■ **Problem**
Verbatim reproduction of the entries is required; images must be omitted.

■ **Data to examine**
= Beginning of Section =
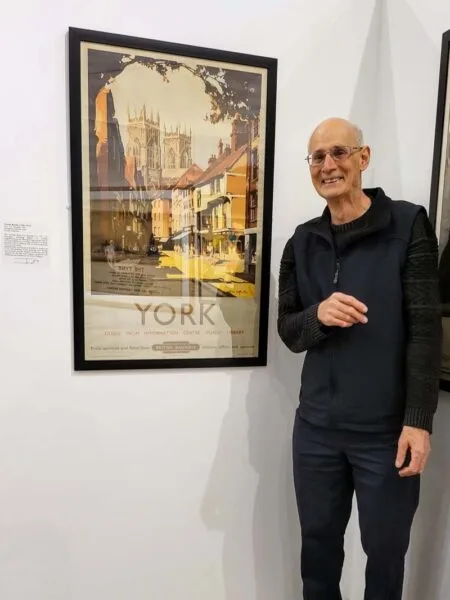 Interior photo of Terence Buckle standing next to one of his father's, Claude Buckle, railway posters. 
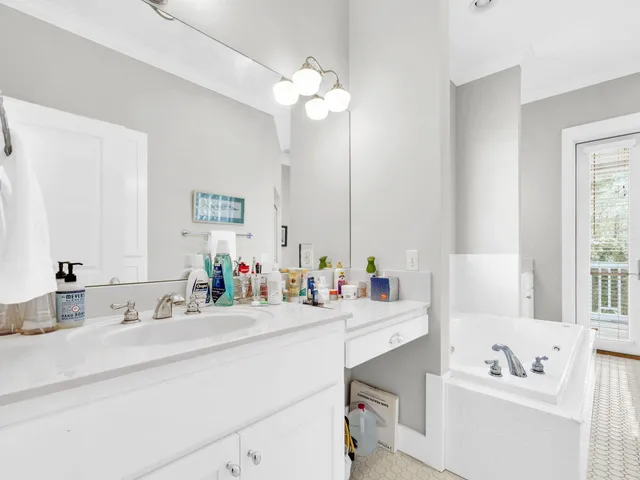 a bathroom with a sink vanity tub and a mirror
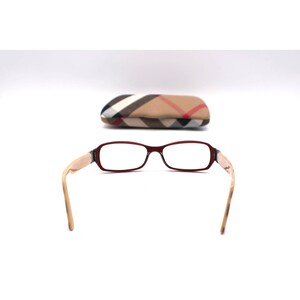 May include: Eyeglasses with a burgundy frame and light-colored arms. The glasses are positioned in front of a matching case with a plaid pattern in tan, red, and black. The glasses have a rectangular shape.
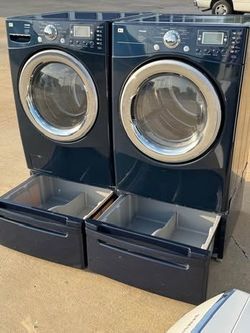 Blue Front load LG washer and front load front loadlg dryer electric  high efficiency with pedestals working perfectly extra for delivery same day del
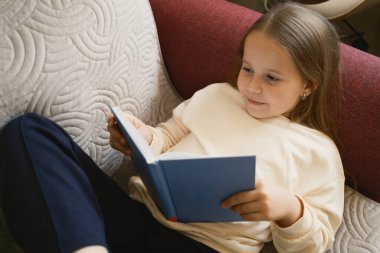 Genç bir kız rahat bir kanepede otururken kitap okumaktan zevk alır. Kurulumda rahatlama, eğitim ve evde boş vakitlerde okuma zevki vurgulanıyor..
= End of Section =
■ **Response to this task**
 Interior photo of Terence Buckle standing next to one of his father's, Claude Buckle, railway posters. 
 a bathroom with a sink vanity tub and a mirror
 May include: Eyeglasses with a burgundy frame and light-colored arms. The glasses are positioned in front of a matching case with a plaid pattern in tan, red, and black. The glasses have a rectangular shape.
 Blue Front load LG washer and front load front loadlg dryer electric  high efficiency with pedestals working perfectly extra for delivery same day del
 Genç bir kız rahat bir kanepede otururken kitap okumaktan zevk alır. Kurulumda rahatlama, eğitim ve evde boş vakitlerde okuma zevki vurgulanıyor..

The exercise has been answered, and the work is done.